But the voice from Vesuvius Vent returned. “Venture, Downey. Do you copy?”
“How the fuck can this be happening?” Yvonne said. “Didn’t you say he was dead?”
“Yes. There was no doubt. I saw the footage of the body. There was much discussion while you were unconscious.”
“But here he is.”
“As with Zachary’s wife and the others. Yes, apparently Downey is restored.”
“Okay, then what? Do I help the guy? He’s one of the crew.”
“You don’t know what he is, what any of them are. Bad enough that our friends are dealing with them . . . we cannot let one of these creatures reach our ships.”
“Well, we’re locked in here. What about Brahma?”
“It’s not just access I worry about. It’s also potential damage. Suppose this being is hostile.”
“He can’t hurt us in here.”
Then Dennis had decided. “No, I have to meet him.”
Now he had his suit open—on the Brahma suits, the backpack was the dorsal side, and opened, giving access. Dennis had his feet in the legs of his suit and was wriggling his arms into the arms and gloves. In spite of the tension, Yvonne had to admire the man’s skill at this procedure. Of course, he had been doing it for twenty-five years. Had helped design the suit, in fact.
“What about me? Have you looked at my leg lately?”
She had, and she didn’t at all like what she saw . . . the dark signs of blood poisoning.
“My absence will have no immediate effect on your condition.”
“But there’s a chance I could be incapacitated. And if you somehow wind up incapacitated, both vehicles are untended, and I think that’s a bad idea.”
By now Dennis had his head through the neck ring into his bubble helmet and was sealing his backpack. He had to shout to be heard. “It is a worse idea to do nothing.”
He began opening cabinets inside the airlock. “What are you looking for?”
“A tool.”
Yvonne wasn’t buying it. “You mean a weapon.”
“Fine. A weapon.”
“So that’s your big plan? Knock him on the head? Either you’ll crack his helmet and kill him, or you won’t do anything. Seems like a waste of time.”
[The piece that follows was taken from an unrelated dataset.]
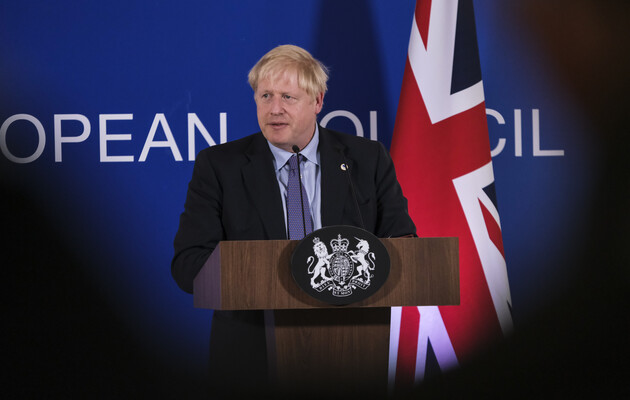 Boris Johnson is not against competing for the post of NATO Secretary General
“I’d rather face that decision with a weapon than not have one if I need it.”
Yvonne considered this. No point wishing for Houston to come on the line and tell her what to do. She was on her own . . . and she agreed in principle that this “Downey” creature should not be allowed into Venture—not yet.
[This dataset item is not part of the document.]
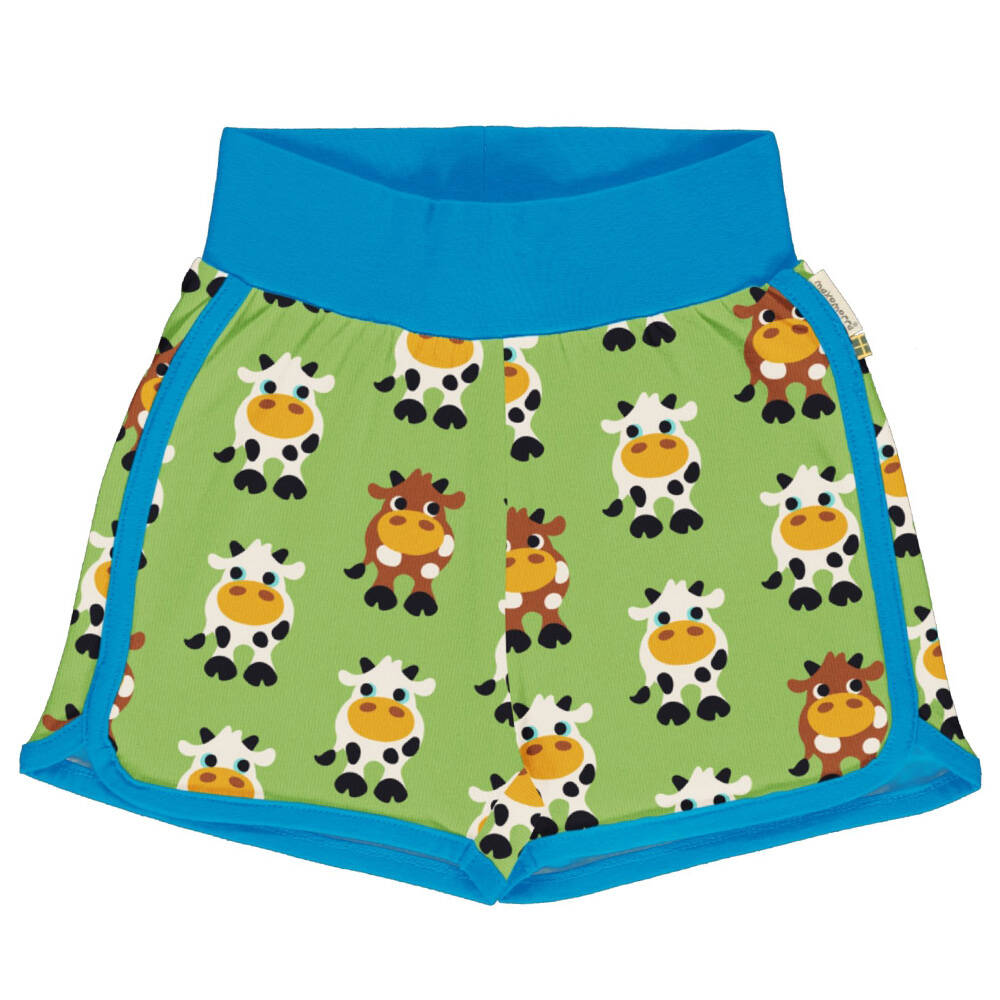 Maxomorra Runner Shorts COW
“Okay, the utensils we use are all plastic. Flashlights, pens, all of that stuff is lightweight.”
“I remember.” That was right, Dennis had lived on the International Space Station for almost a year. He knew what kind of gear you’d find in a NASA space cabin.
“The toolbox outside, though. There should be a torque wrench.”
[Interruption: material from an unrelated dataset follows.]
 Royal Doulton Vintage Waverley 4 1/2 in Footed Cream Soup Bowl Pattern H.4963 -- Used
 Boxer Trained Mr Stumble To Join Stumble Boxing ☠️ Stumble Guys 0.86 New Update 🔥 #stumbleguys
Dennis considered this. Through the faceplate of his helmet, already fogging with each exhalation, he smiled. “Thank you. You should seal this and evacuate the chamber. Keep it that way.”
As Yvonne returned to the main cabin, dogging the hatch behind her, she felt dizzy and afraid.
As she entered the commands to bleed air from the Venture lock, allowing Dennis to exit, her eye caught the silver case holding the Item. “What the hell are you looking at?”
Q: What is the one thing you do better than anything?
DOWNEY: Well . . . break things and kill people, I guess.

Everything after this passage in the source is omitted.